I had to use this technique at a gig last friday, The venue had pink, blue and orange gelled lights:
http://500px.com/michaeleast/sets/breakfast_with_apollo_2_2012_09_21 

The colour balance is far from perfect, but it was the best I could do in the circumstances. 

My advice would be to use manual mode if you can, or aperture/shutter priority with as much exposure compensation as you need to stop the highlights blowing out. On Friday I had to underexpose by as much as 4 stops at times to prevent the highlights clipping! 

The 5D Mark 3's highlight alert playback mode be quite useful to show if anything is clipping.


----------



## Mt Spokane Photography (Sep 24, 2012)

By now, You know its a common problem. As you boost ISO's, DR falls. I've never knowingly shot where led lighting was used. but I still find it near impossible to get everyone properly exposed. This is where the D800 with its additional DR can make a difference, as long as the ISO stays low. Its about the only practical advantage to the D800 over my 5D Mark II. At high ISO's, the 5D Mark III has more DR than the D800.


----------



## Chris Burch (Sep 24, 2012)

Thanks for the feedback. I shoot lots of stage photography, but have never encountered an instance with the highlights get this blown out in a freakish way. It's the posterization that bothers me the most...it's very distracting in the photos. If it was an even blow-out, I wouldn't really mind...this makes it look like an alien head right behind my singer -- not cool. 

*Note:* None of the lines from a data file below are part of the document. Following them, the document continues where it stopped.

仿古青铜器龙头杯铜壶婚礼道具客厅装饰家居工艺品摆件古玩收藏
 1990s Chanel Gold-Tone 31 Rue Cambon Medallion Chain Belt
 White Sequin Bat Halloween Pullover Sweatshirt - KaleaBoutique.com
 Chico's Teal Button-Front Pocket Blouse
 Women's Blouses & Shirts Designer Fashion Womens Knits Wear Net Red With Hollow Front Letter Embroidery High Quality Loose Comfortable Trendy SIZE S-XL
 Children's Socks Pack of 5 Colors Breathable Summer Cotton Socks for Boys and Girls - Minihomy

I was shooting all manual by the way -- exposure was set for the main singer, not the band. I guess next time I'll play around with overall exposure to balance for the highlights. I shot video of the same scene with my 1DX and am quite curious to see how that came out.


----------



## Kernuak (Sep 24, 2012)

I've seen something similar to that when using Lightroom 3 and using the highlight recovery slider. If pushed too far, the highlights look awful and are often better without the highlight recovery. Use of the clarity slider also has weird effects. I've noticed that Lightroom 4 is much better at recovering the highlight areas. Something else that causes havoc with highlights is use of lens blur in photoshop. I found that out when trying out something to get the desaturated movie effect on some photos, mainly just to try out the technique. I suspect that some lenses may also result in similar effects in the out of focus areas in some lighting conditions.


----------



## RLPhoto (Sep 24, 2012)

Underexpose and try to recover whats left. ;D


----------



## distant.star (Sep 24, 2012)

RLPhoto said:


> Underexpose and try to recover whats left. ;D



Simplest basic strategy -- short of bringing a pellet guns and shooting out the offending lights!

Oh, and that woman needs a longer dress.


----------



## RuneL (Sep 25, 2012)

Time it, so you only get light where you want it, bring a long lens, so you can isolate your subjects from the blow out areas, it's possible and in my experience makes for more interesting photos.


----------



## thomasl4 (Sep 28, 2012)

Purple is probably the worst color for a digital sensor to reproduce. There isn't much you can do about that. Photoshopping a rorschach image on the drummer's face might help though. hehe


----------



## jayvo86 (Sep 28, 2012)

I don't know if anyone recommended it, but I'd open up to 2.8 and drop your ISO to 1600 or 1250 to give yourself more DR. Be careful with underexposing too much. The shadows can get a little nasty on the 5D line.


----------



## Chris_prophotographic (Sep 28, 2012)

I think its the spectrum, like EVIL reds this Purple has red in it and seems our canon sensors are not friendly with it. I seen this only occurring on my old rebel, but drummers are EVIL and this is accurate.

if you can stop down a bit while shooting and or framing choice(i know not a technical solution, but some times you don't need to shoot into the sun)

High contrast is nice anyway black framing of a stage lit person is always nicer than seeing every detail


----------



## bchernicoff (Sep 28, 2012)

I've seen good advice about what to try in the future, but regarding the photos you've taken...if you drop the exposure all the way on the RAW file is it possible to get the faces to look decent? If so, you might try double RAW processing the image in PhotoShop. 

http://gavtrain.blogspot.com/2011/02/raw-double-process-hdr-effect.html


----------



## tron (Sep 28, 2012)

RLPhoto said:


> Underexpose and try to recover whats left. ;D


I hope you do not suggest anything from the dark side... ;D



distant.star said:


> Simplest basic strategy -- short of bringing a pellet guns and shooting out the offending lights!


Interesting and cheap (for the photographer only) way to fix it ;D


----------